The change was passed by the lower house of parliament on Tuesday.

The package of measures comes as Moscow seeks to boost troop numbers to defend territory gained in its invasion of Ukraine last year.

A senior Russian MP said the new law was written with a major conflict in mind.

“It already smells like a big war,” Andrei Kartapolov, head of the Russian parliament’s defence committee, told MPs.

He argued that too many people were currently able to avoid military service.

All men of conscription age are expected to serve a year of compulsory military service.

Russia is thought to have sustained heavy casualties in nearly a year-and-a-half of fighting, but the Defence Ministry is reluctant to release figures.

Last autumn, the government announced a mobilisation of 300,000 reservists, but as a result, tens of thousands of men left Russia.

In a separate measure last week, the maximum age at which reservists can be called up was raised, meaning some men will now be considered available for military service until they are 55.

The State Duma passed the conscription bill in its second and third readings. It still needs to be approved by the upper house and by President Vladimir Putin, but this is seen as a formality.

Once signed, it is due to come into force on 1 January next year.

The latest measures go further than the Defence Ministry’s original proposal, which sought to change the conscription age range from 18-27 to 21-30. The lower age limit will continue to be 18.
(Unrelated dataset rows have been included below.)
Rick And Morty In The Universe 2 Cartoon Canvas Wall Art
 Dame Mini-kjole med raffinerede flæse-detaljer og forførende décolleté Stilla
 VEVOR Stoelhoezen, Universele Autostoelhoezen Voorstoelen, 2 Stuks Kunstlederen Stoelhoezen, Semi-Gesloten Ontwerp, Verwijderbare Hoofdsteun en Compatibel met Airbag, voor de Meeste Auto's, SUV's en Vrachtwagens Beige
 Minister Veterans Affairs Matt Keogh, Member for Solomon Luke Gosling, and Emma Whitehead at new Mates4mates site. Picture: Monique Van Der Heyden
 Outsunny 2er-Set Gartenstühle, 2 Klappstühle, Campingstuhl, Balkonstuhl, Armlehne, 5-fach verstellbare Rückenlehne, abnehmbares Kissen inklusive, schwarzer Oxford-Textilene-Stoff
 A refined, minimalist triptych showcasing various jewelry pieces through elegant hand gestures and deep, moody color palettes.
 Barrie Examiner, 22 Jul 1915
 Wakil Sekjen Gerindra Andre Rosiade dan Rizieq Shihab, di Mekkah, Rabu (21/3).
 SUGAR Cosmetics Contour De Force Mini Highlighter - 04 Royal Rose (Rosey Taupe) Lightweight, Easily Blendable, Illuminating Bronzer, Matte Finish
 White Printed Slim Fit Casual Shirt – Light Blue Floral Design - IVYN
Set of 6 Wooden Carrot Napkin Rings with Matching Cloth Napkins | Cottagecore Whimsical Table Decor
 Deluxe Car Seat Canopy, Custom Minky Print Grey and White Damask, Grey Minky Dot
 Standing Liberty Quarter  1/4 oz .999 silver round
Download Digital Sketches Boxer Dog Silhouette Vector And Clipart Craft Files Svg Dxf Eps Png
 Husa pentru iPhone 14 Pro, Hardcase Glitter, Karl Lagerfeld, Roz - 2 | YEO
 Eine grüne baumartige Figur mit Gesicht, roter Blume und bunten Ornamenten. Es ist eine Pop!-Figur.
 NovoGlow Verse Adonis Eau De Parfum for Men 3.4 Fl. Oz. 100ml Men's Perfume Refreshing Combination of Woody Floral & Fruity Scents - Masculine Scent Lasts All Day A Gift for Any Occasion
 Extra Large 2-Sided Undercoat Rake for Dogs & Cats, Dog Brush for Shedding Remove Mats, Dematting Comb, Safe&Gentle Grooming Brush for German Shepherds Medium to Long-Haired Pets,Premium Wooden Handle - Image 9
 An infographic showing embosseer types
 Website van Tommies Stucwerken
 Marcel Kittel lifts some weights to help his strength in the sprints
“The wording of the draft law changed because the demographic situation is serious and affects the volume of the mobilisation resource,” Mr Kartapolov told Russian media.

He added that “many lads want to go and serve at 18”.

The draft law also bans men from leaving the country from the day of their call-up. Since April, conscription papers can be issued online instead of in person.

In addition, men who fail to report for conscription will be liable for fines of up to 30,000 roubles ($332), a tenfold increase.